At any rate, this method of transmitting what is meant by a word — by using it in context until it becomes part of one’s workaday vocabulary, in an organization dedicated to preserving the message of which that word was part — is a far more reliable way for a man to know the meaning of a word, than is the practice of lexicographical spelunking.
I don’t mean to discount the real effort, perhaps even the genius, that these men put into trying to derive what these words meant, and into discovering whether they meant the same things in various times and places.
But the oral tradition — of the type by which Irenaeus received the Apostolic Faith from Polycarp, and he from John, and John from Jesus — simply provides a richer and more certain way to receive the “fullness of the faith.” By comparison, any attempt to reconstruct the faith — at a remove of more than a thousand years, and over the wider gulf of drastic cultural change — from mere textual analysis will produce…well, will produce a lot of widely-varying notions of what the original message was, and when it comes to scholarly research into this or that term, “two of a trade will never agree.” (Well…not “never.” But very very far from “always.”)
So I think your methodology — relying on McGrath, et alia, to have discovered in their text-based reconstructions of the faith things which somehow escaped the notice of men who spent months or years learning it (and many more years practicing it) from men who spent months or years learning it from the Apostles is just plain backwards.
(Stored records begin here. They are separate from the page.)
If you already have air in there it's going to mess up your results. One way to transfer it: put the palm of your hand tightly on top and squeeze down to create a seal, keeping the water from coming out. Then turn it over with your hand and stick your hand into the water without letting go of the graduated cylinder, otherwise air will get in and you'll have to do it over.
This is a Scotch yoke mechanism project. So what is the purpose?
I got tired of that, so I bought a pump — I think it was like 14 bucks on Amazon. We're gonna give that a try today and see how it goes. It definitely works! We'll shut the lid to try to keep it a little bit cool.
Instead of using it for Topic X because the Fathers are silent about Topic X, you’re using it when the Fathers are not silent about Topic X to try to prove the Fathers wrong about Topic X.
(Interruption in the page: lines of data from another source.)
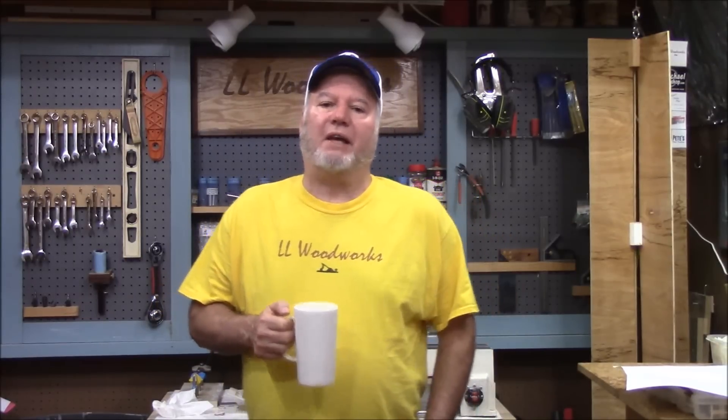Good morning and welcome back. Beginning with this week's video, we're going to be making a checkerboard — it'll be a four-part series. This is going to be a checkerboard with a little cabinet and a drawer to house the checkers. In just a minute you'll see some characteristics of it. We hope you enjoy it and appreciate you tuning in.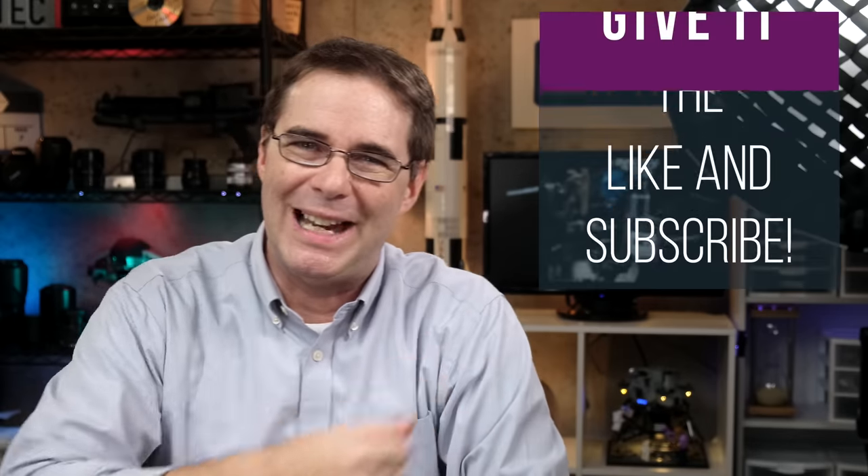In the meantime, I hope you enjoyed the video and found it helpful. If you did, be sure to give it a like and subscribe. I will see all of you in another video again very soon. Take care.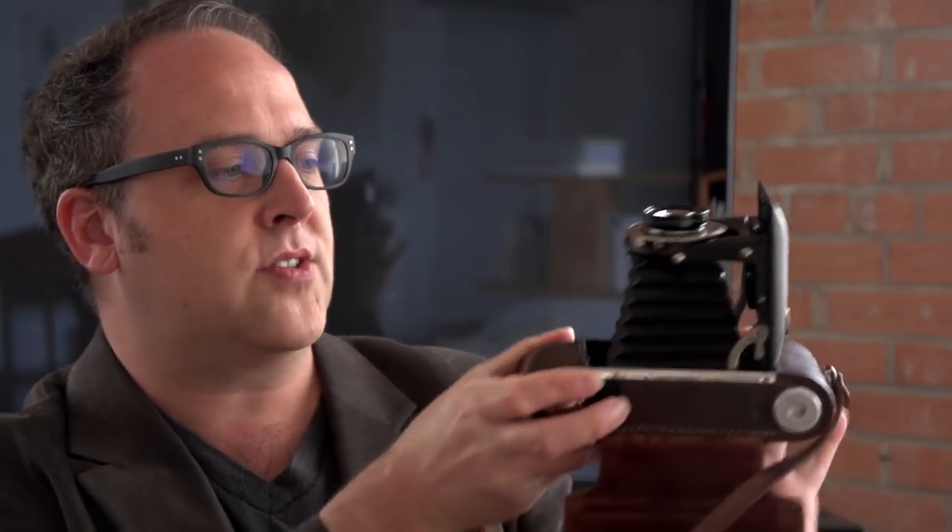This is a Voigtlander Bessa, and folder cameras were all medium format — though there were probably some 35mm as well. It was just a style of camera being produced. You can see I have the Never Ready case here and it is pretty thin. When I open that up, there's a button to release the bellows and the lens pops up, sitting on top of a bellows system. The lens and shutter are all self-contained at the end, on a rack that does the folding, and your roll film sits in the actual body.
That’s like wanting to know the worldview of the Ramnulfid family in Acquitaine in the year 1100, and trying to figure it out by working backwards from a collection of modern and ancient French-English dictionaries…all the while ignoring that you have a thousand pages collected from the personal diaries of that family’s children and grandchildren including Elanor of Acquitaine and William III and Adelaide and Hugh Capet. And then, when you come up with a theory you’re fond of, you want to argue that Elanor and Bill and Adelaide and Hugh have it all wrong…?
In all of this, I’m not mentioning the fact that, when I first read the quotes from McGrath about how the Hebrews viewed sedaqa or saddiq, it seemed as if you were trying to argue for the Catholic view of righteousness or justification over and against the Protestant! Certainly I was unable, from what you cited, to find anything that wasn’t amenable to the faith as I know it. I certainly didn’t see how your accusation against Augustine followed from them. But that kind of thing is more up Bryan and David’s alleys, so perhaps they can say more.
But I thought I should comment on your overall procedure and how very backwards it seems to me, preferring what is less-reliable, more prone to scholarly error, over-and-above the very evidence that those scholars ought to be using to check their work.
They ought to say, “If I had been asked to sum up certain theological topics on the basis of my reading of the Bible, I would never have described it the way I find Origen, Tertullian, John Chrysostom, Athanasius, Irenaeus, Clement, Ignatius, and the rest of these fellows do. Sure, they disagree — with no clear majority — in some areas or are silent about others: Those are the points where I am forced to rely on my own best reading. And there are some areas where my Bible-reading produces the same resulting expressions of faith as they use…which means I must have read correctly. But in areas where their view disagrees with my own, unanimously or nearly-so, I am forced to conclude that no matter how clever my own exegesis and how ample my scholarly resources, I am probably missing something.”